• _What is needed_
Pictures excluded, retype the lines from the one containing "#sailboatlife #nomadlife #boat'" through the last line of the data below, both included.

• _Information shown_
□ □ □ □ □
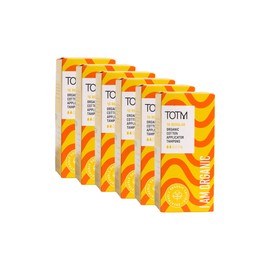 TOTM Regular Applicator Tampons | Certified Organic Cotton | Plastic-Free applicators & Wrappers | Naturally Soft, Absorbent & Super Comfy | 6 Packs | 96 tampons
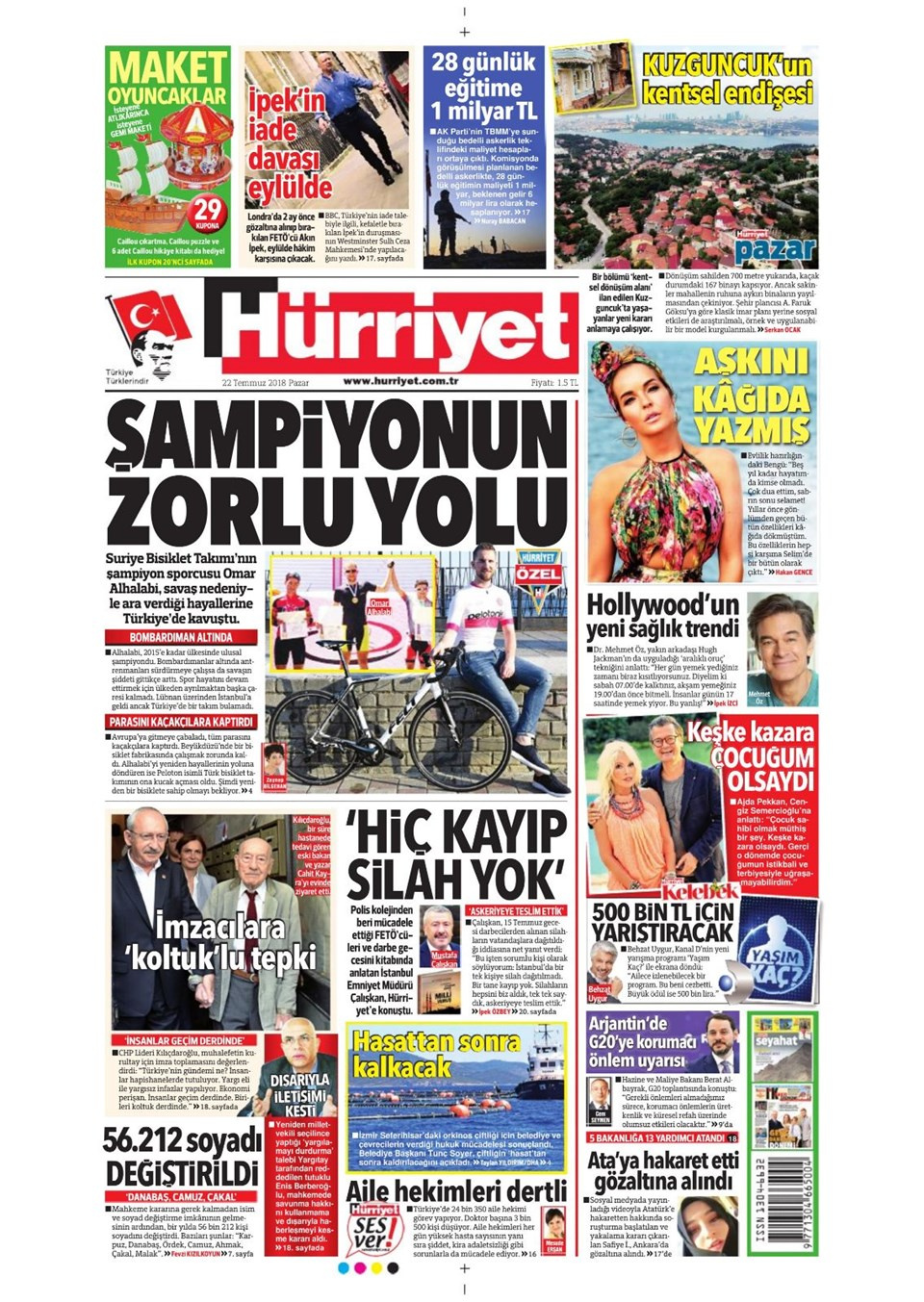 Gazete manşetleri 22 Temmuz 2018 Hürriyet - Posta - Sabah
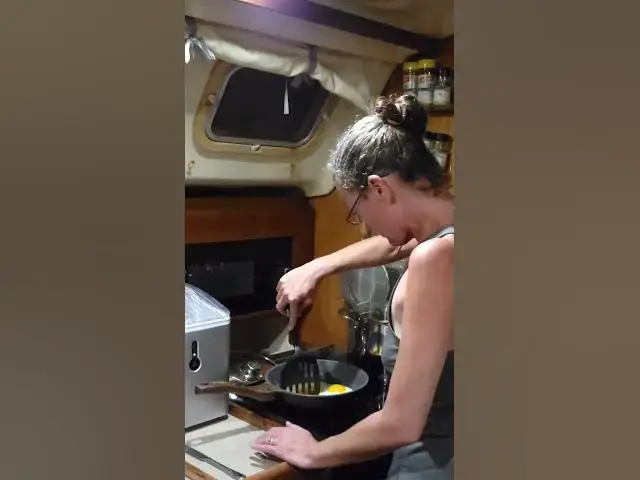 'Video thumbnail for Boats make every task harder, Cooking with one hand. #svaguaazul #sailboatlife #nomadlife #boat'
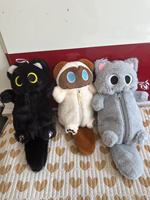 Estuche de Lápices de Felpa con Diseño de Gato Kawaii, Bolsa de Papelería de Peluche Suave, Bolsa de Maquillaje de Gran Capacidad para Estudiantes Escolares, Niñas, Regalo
□ □ □ □ □
• _Solution for this task_
 'Video thumbnail for Boats make every task harder, Cooking with one hand. #svaguaazul #sailboatlife #nomadlife #boat'
 Estuche de Lápices de Felpa con Diseño de Gato Kawaii, Bolsa de Papelería de Peluche Suave, Bolsa de Maquillaje de Gran Capacidad para Estudiantes Escolares, Niñas, Regalo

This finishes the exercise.